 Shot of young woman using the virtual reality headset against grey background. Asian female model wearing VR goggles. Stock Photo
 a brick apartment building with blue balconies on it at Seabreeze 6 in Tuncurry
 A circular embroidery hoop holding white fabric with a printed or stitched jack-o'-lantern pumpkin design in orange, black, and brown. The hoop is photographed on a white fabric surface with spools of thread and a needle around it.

====================

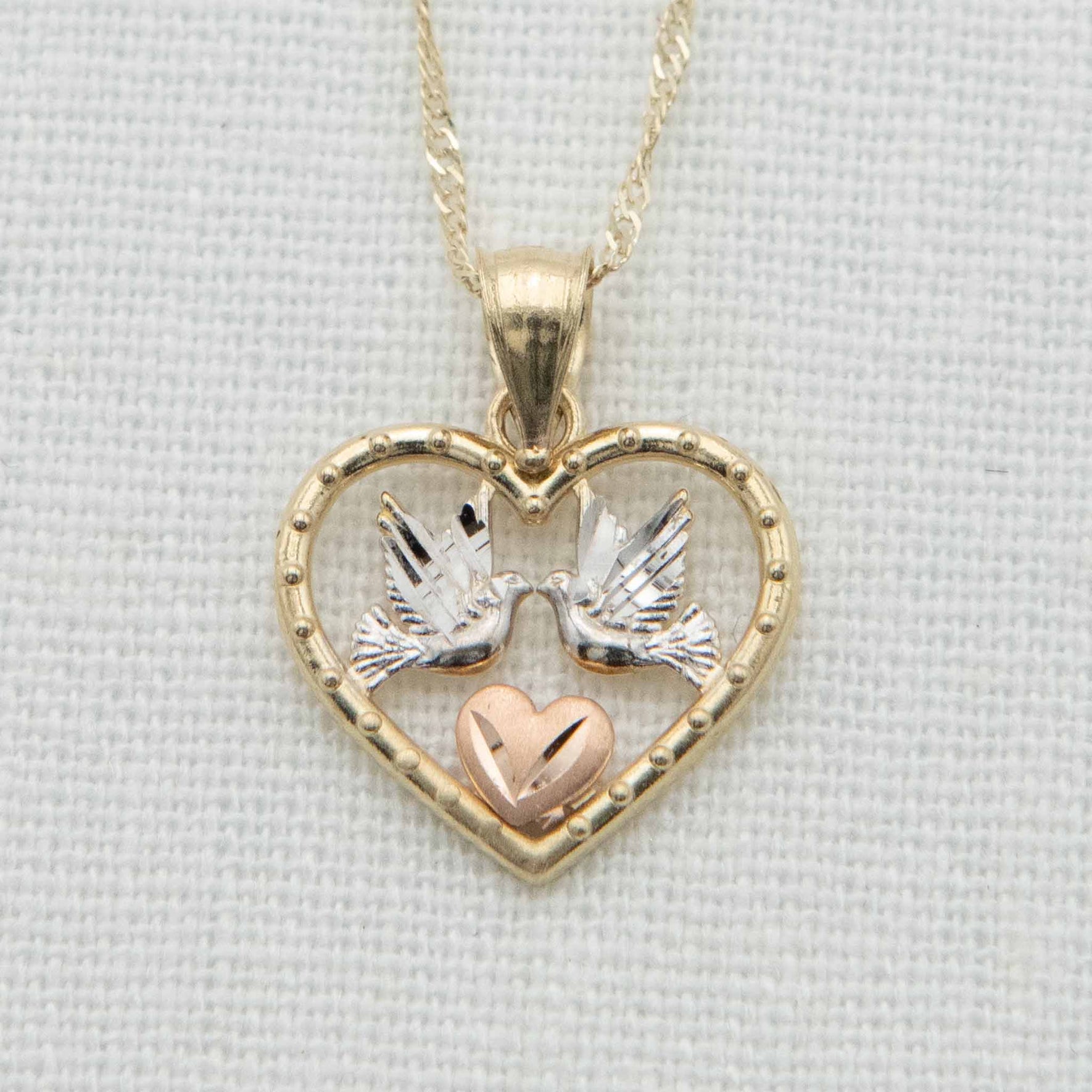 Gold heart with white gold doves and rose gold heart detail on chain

====================

What you are asked to do:
Could you restate, word for word, the lines above from the one with "Shot of young" to the one with "A circular embroidery", both included?

Solved problem:
 Shot of young woman using the virtual reality headset against grey background. Asian female model wearing VR goggles. Stock Photo
 a brick apartment building with blue balconies on it at Seabreeze 6 in Tuncurry
 A circular embroidery hoop holding white fabric with a printed or stitched jack-o'-lantern pumpkin design in orange, black, and brown. The hoop is photographed on a white fabric surface with spools of thread and a needle around it.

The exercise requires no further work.